MPDL3280A, an investigational antibody that targets programmed death-ligand 1 (PD-L1), in combination with bevacizumab had strong antitumor activity and induced responses in 4 of 10 patients with mRCC.
Mario Sznol, MD
MPDL3280A, an investigational antibody that targets programmed death-ligand 1 (PD-L1), in combination with bevacizumab had strong antitumor activity and induced responses in 4 of 10 patients with metastatic renal cell carcinoma (mRCC) in an open-label phase Ib study. The agent was well tolerated without exacerbating bevacizumab-associated adverse events.
With promising preliminary clinical activity and documented immune modulation of the tumor microenvironment observed, MPDL3280A alone and in combination with bevacizumab is currently being investigated in a phase II study, comparing these regimens with sunitinib in patients with previously untreated locally advanced or mRCC, said Mario Sznol, MD, at the 2015 Genitourinary Cancers Symposium.
MPDL3280A is a humanized monoclonal anti-PD-L1 antibody that inhibits PD-L1 signaling. It is engineered to remove Fc-effector function to prevent PD-L1 binding to the inhibitory receptors PD-1 and B7.1 on activated T cells, to restore tumor-specific T-cell immunity. It has demonstrated durable antitumor effects as a single agent in several cancers, including RCC.
Bevacizumab with interferon is an approved regimen for the treatment of mRCC. “A lot of people don’t use that combination because it’s harder to give than just giving a pill,” said Sznol, associate professor of internal medicine, Yale Cancer Center, New Haven, Connecticut. “So outside of a clinical trial we don’t use a lot of bevacizumab in metastatic kidney cancer by itself. Most people use the small molecule oral agents, but this [combination] could bring it back.”

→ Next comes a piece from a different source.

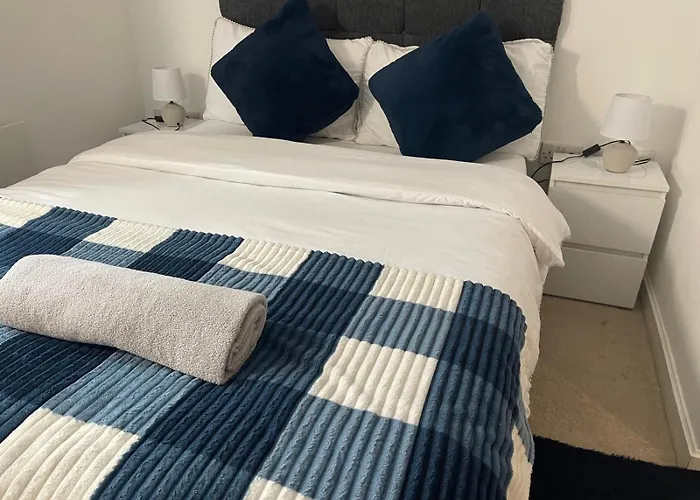 Stylish 2bedroom Flat - Centre - Near Station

Bevacizumab increases chemokine expression in the tumor microenvironment, which theoretically recruits T cells because T cells recognize their antigen and get activated, he explained. “PD-L1 blockade keeps those T cells active, so it’s a really nice combination,” he said. “The bottom line is the antitumor effects.”
The study had multiple arms of patients with various solid tumors (colorectal cancer, cutaneous lesions, or mRCC); there were 10 patients with mRCC with clear cell histology who had pretreatment tumor specimens available, and data from this cohort were reported here.
Bevacizumab was given for one 21-day cycle prior to a first biopsy, and MPDL3280A was added for the second cycle and continued. A second biopsy was performed after the third cycle of treatment. The median duration of treatment with MPDL3280A was 288 days.
There were four objective responses (40%) by Response Evaluation Criteria in Solid Tumors (RECIST) criteria, all of which were partial responses. Five other patients (50%) had stable disease as their best response. Four of these five had prolonged (≥24 weeks) stable disease.
In comparison, the objective response rate for MPDL3280A monotherapy in a previous trial in RCC was 15%, and the objective response rate for bevacizumab monotherapy in this setting is 10%.
Six grade-3 or -4 adverse events occurred, but none were attributable to MPDL3280A. Adverse events possibly related to MPDL3280A, as judged by the investigator, included fatigue (40%), decreased appetite (30%), and diarrhea (30%).
Increases in CD8+ cell infiltration and decreases in CD31 expression were observed after treatment with MPDL3280A plus bevacizumab. The increase in CD8+ cells with bevacizumab was greatly enhanced with the combination.
Expression of some chemokines in tumors increased after bevacizumab administration. Further increases in expression of CCL5 (a chemoattractant for T cells, eosinophils, and basophils), CCR5 (the receptor for CCL5), CX3CL1 (a potent chemoattractant for T cells and monocytes), CCR7 (chemoattractant for T cells and stimulator of dendritic cell maturation), and CXCL10 (chemoattractant for immune cells) were observed after the addition of MPDL3280A. These increases in chemokine expression suggest that the two agents together can enhance the antitumor immune response.